Fault Tolerance in Distributed SystemsPosted: August 8, 2015
Perhaps we are nearly at the point where saying “distributed systems” is as redundant as “software program” always has been, but for the moment I want to consider how a specific issue is heightened by the nature of modern, asynchronous systems, and that issue is “fault tolerance” generally as well as “cascading failures” specifically.
More and more such issues arise — and I was please to read a particularly lucid explanation of a popular and important design pattern used in many solutions: the Circuit Breaker pattern. On Martin Fowler’s blog — haha. I was kind of surprised by that — but only because I don’t google interesting problems in architecture and design nearly as often as I’d like.
I can’t add any value to what he’s written here, so instead i will just quote briefly:
The basic idea behind the circuit breaker is very simple. You wrap a protected function call in a circuit breaker object, which monitors for failures. Once the failures reach a certain threshold, the circuit breaker trips, and all further calls to the circuit breaker return with an error, without the protected call being made at all. Usually you’ll also want some kind of monitor alert if the circuit breaker trips.

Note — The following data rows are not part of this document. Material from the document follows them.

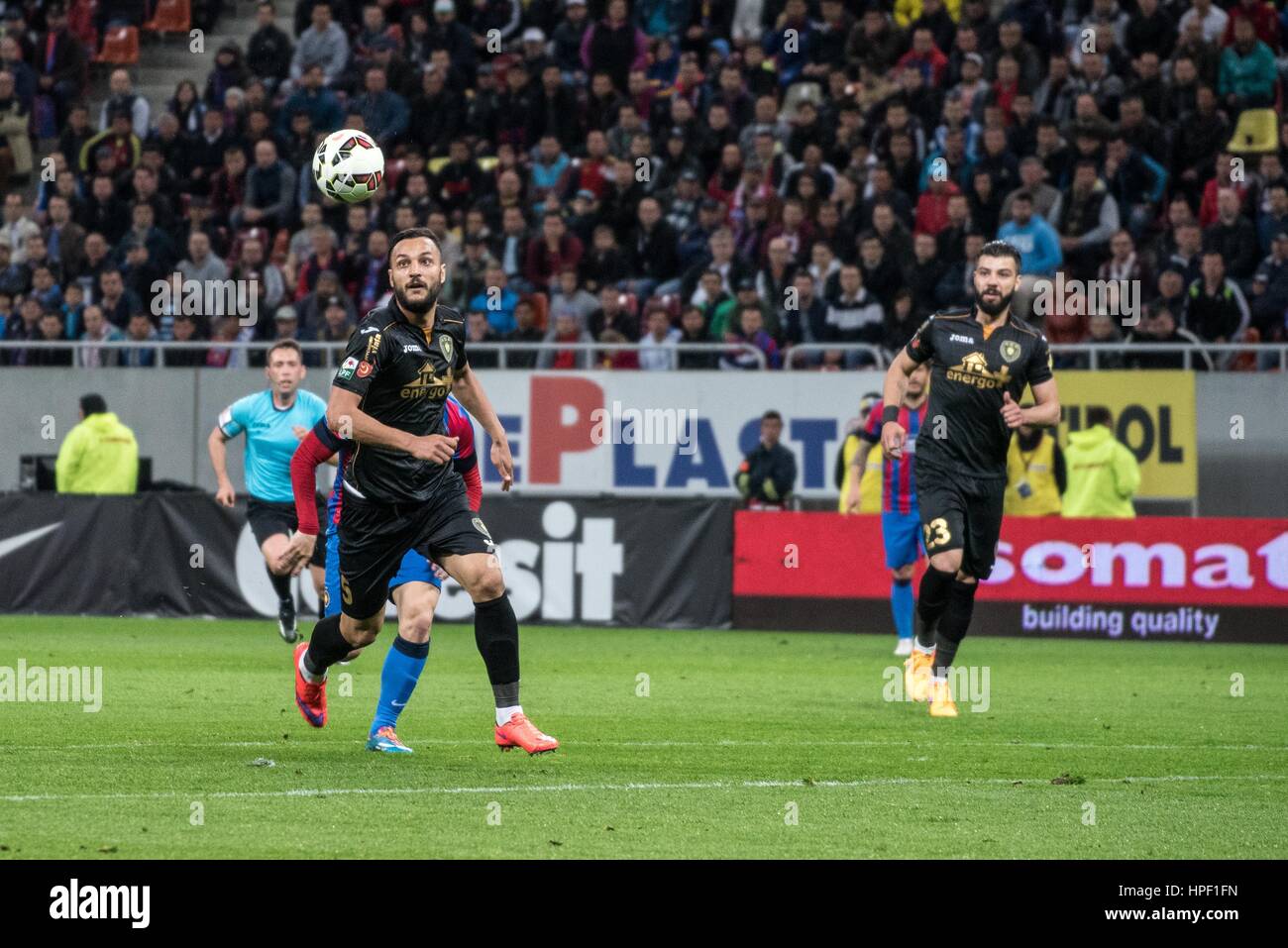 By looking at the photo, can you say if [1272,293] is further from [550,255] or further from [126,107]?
[126,107]

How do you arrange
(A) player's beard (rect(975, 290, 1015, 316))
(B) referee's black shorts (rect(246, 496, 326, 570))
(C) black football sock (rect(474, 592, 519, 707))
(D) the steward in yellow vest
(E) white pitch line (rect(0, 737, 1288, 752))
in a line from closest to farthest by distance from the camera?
(C) black football sock (rect(474, 592, 519, 707))
(E) white pitch line (rect(0, 737, 1288, 752))
(A) player's beard (rect(975, 290, 1015, 316))
(B) referee's black shorts (rect(246, 496, 326, 570))
(D) the steward in yellow vest

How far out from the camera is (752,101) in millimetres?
24922

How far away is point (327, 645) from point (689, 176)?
46.5 ft

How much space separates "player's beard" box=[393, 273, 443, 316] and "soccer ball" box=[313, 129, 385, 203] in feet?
8.58

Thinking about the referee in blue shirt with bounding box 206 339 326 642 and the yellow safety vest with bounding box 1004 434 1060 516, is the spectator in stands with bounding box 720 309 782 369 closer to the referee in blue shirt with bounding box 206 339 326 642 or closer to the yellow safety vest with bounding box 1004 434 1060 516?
the yellow safety vest with bounding box 1004 434 1060 516

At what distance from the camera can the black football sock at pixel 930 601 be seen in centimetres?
1229

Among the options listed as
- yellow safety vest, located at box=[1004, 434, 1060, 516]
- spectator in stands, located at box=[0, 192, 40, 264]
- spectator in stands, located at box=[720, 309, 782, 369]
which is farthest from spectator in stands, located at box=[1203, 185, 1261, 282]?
spectator in stands, located at box=[0, 192, 40, 264]

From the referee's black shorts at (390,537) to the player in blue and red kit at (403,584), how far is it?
0.24 meters

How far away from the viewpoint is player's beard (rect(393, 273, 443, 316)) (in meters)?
9.50

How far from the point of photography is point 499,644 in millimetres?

There are added bits about adding a capability to attempt automatic reset (at some specified interval) and discussions of other real-world refinements (e.g. different thresholds for different sorts of errors), but a hallmark of this sort of writing is that, at least for most of its intended audience, a simple example provided in detail, and pointers to additional kinds of flourishes and add-ons, is really all that is needed.
Check it out! And if you googled this topic, doubtless you have read or seen something about NetFlix’ Hystrix, which says on that getHub landing page:
Hystrix is a latency and fault tolerance library designed to isolate points of access to remote systems, services and 3rd party libraries, stop cascading failure and enable resilience in complex distributed systems where failure is inevitable.
It is a java implementation; there are other articles linked here and links to alternative Circuit-breaker patterns in Ruby, Java, Grails Plugin, C#, AspectJ, and Scala listed at the bottom of the Fowler blog post.